Player Value Series Contents

Runs Estimation

The first thing we have to decide upon when trying to quantify a player's offensive value is how to estimate the number of runs a player contributes to a team in a given season. And there are a lot of options available to us. Fortunately, there are some clear recommendations that we can make.

Brandon Heipp (aka U.S. Patriot) has a great set of essays on his site that give the low-down on a variety of run estimation techniques. I find his work very convincing and readable, so I'm not going to re-hash it. But I do want to go over the methods that I have used in light of his (and others', especially Tom Tango's) work. Readers will undoubtedly note that what follows is heavily influenced by those two individuals, though I've tried to reconstruct what follows myself as much as possible. If anything is directly lifted, I've linked to the source.

There are two primary approaches to estimating run production of teams or players: models and linear weights.

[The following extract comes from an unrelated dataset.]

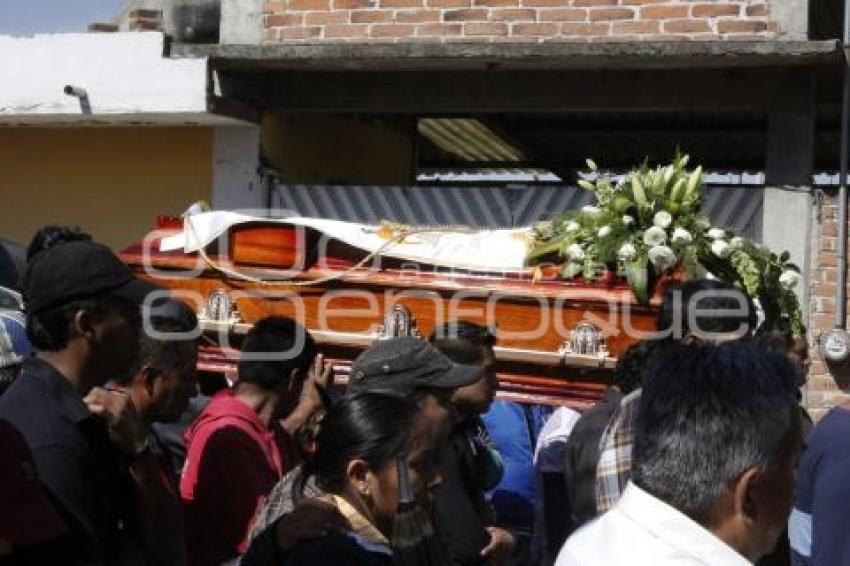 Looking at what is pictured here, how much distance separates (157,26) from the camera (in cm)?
1063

Let's profile them one at a time.

Models

Models try to actually describe how runs are created mathematically, and therefore have the advantage of being constructed in a manner that reflects something about the nonlinear fashion in which teams actually score runs. They have a disadvantage in that a) they rely on the ability of their creators to actually model how teams score runs mathematically, which is no easy feat, and b) they are (usually) only applicable to estimating team runs, rather than runs provided by individual hitters, because they assume interactions between on base and advancement skill. Unless a player hits a home run, a player has to interact with his teammates in order to generate runs by either getting on base and then getting knocked in, or by advancing runners already on bases.

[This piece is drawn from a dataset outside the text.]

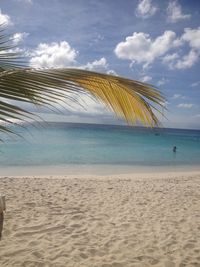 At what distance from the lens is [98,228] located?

There have been a number of models that have been proposed over the years. Perhaps the best known is Runs Created, which was developed by Bill James. While revolutionary for its time, Runs Created, even in its most recent iterations, suffers from a number of flaws that have caused it to fall out of favor of many analysts (perhaps the most significant of these is how it values home runs). If you are interested in the details, Tom Tango has an excellent article series that breaks down some of the problems with runs created. Furthermore, Brandon Heipp has a more historical look at runs created, along with detailed discussion of some of its problems. On the basis of their compelling work, I have decided to discontinue the use of Runs Created on this site. I don't think it's a terrible stat, but I think it is critically flawed under certain situations...and there's a much better alternative out there that is just as easy--if not easier--to use (if nothing else, it's far more intuitive):

Base Runs

Among the statisticians that I read frequently, the most well regarded runs estimation model these days is David Smyth's BaseRuns. BaseRuns has strong theoretical underpinnings, is more accurate and flexible than Runs Created across a variety of run environments, is arguably much more intuitive and approachable than RC. In short, there's little reason to use anything else--at least for the time being.

BaseRuns is based on this simple equation, which could arguably be called a truism (this part is essentially lifted from Tango's article--sorry!):

runs scored = [batters reaching base] * [scoring rate] + home runs

This makes sense, right? Pretty straightforward. No other way of producing runs that I can think of...you either get on base and have a chance of scoring based on the performance of your teammates, you advance your teammates in such a way to increase their chances of scoring, or you smack a homer. Anyway, that equation can be rewritten as this

runs scored = [batters reaching base] * [(successes)/(opportunities)] + home runs
or
runs scored = [batters reaching base] * [(successes)/(successes + failures)] + home runs
or
runs scored = A * (B/(B+C)) + D

Now, we can directly quantify the number of batters that get on base (A): hits - hr + walks + hbp, right? And we can certainly count the number of home runs (D). And it turns out that "failures" (C) above is essentially just the number of team outs. So the only thing that we need to come up with is the "successes" (B) in the scoring rate term.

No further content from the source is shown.